Exercise >> Would it be possible to write out each entry below exactly, without the pictures?

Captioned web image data
────────

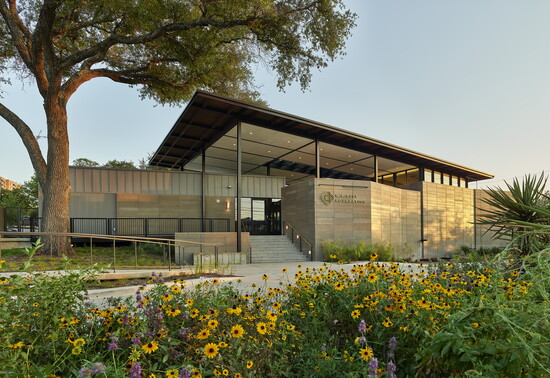 H.E. Butt Foundation exterior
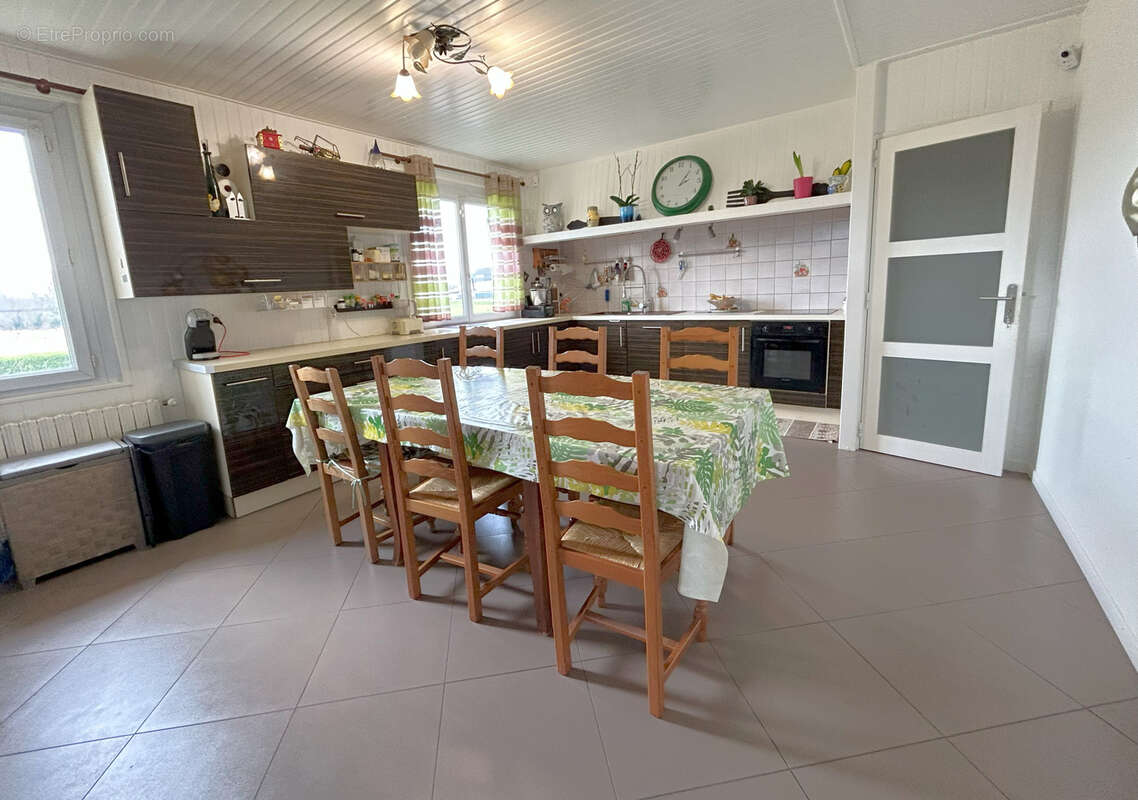 Maison à PONT-DE-VEYLE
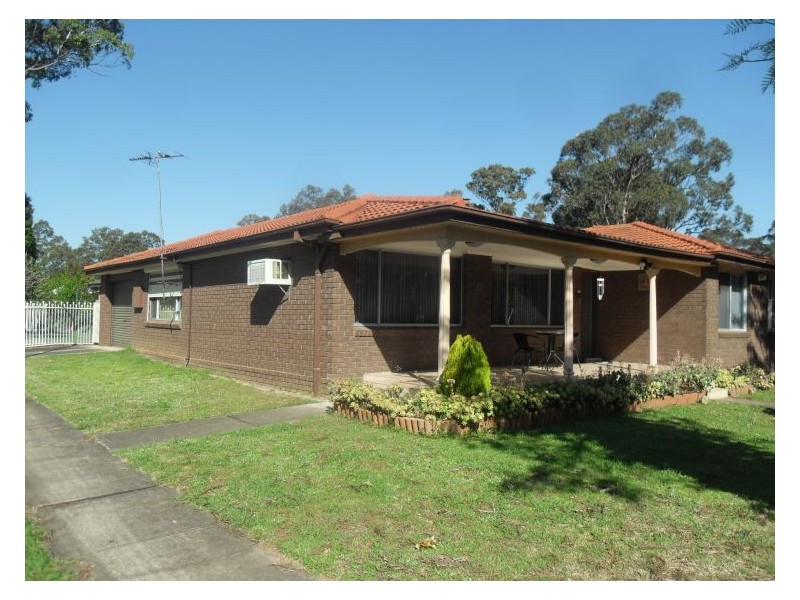 22 Comberford Close, Prairiewood NSW 2176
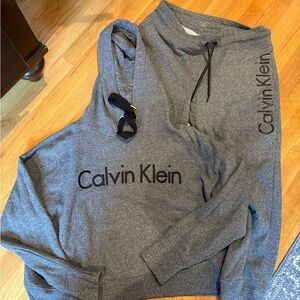 Calvin Klein Gray Women’s Sweat Outfit XL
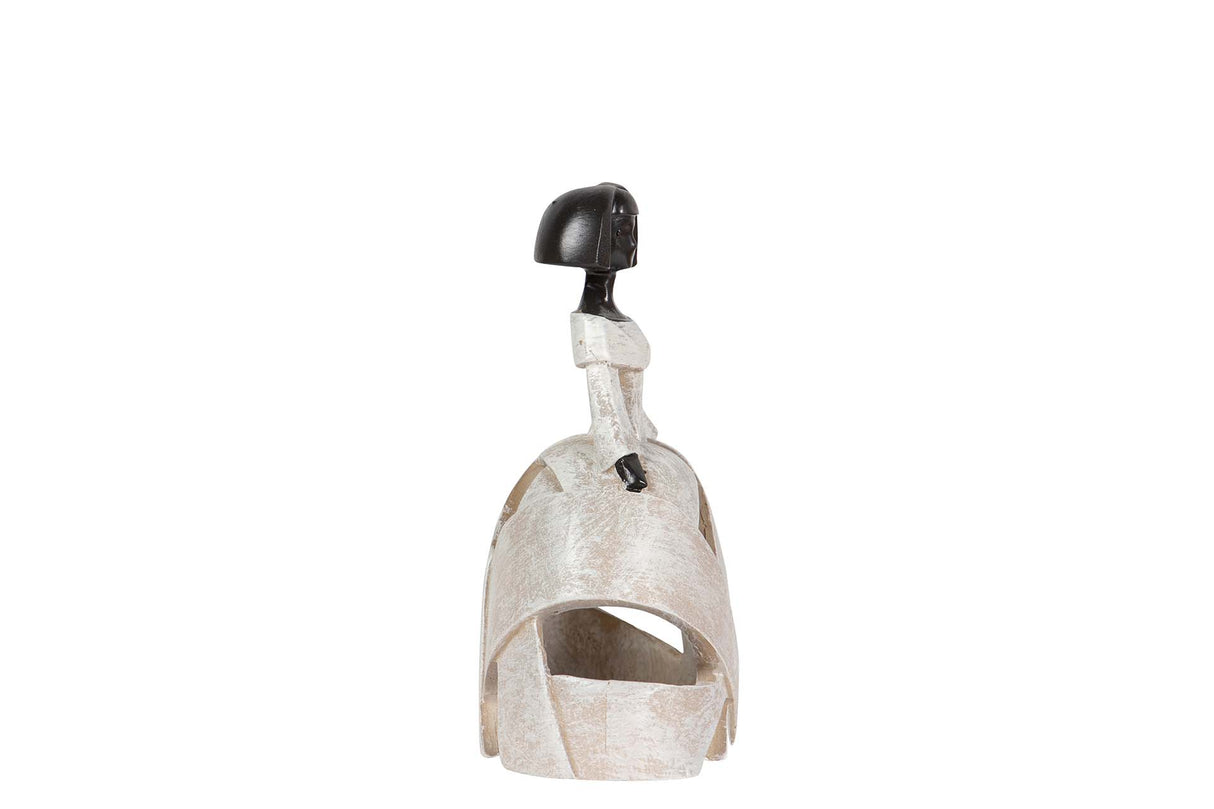 FIGURA MENINA RESINA BEIGE 13x8x17 CM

────────

Exercise output >>
 H.E. Butt Foundation exterior
 Maison à PONT-DE-VEYLE
 22 Comberford Close, Prairiewood NSW 2176
 Calvin Klein Gray Women’s Sweat Outfit XL
 FIGURA MENINA RESINA BEIGE 13x8x17 CM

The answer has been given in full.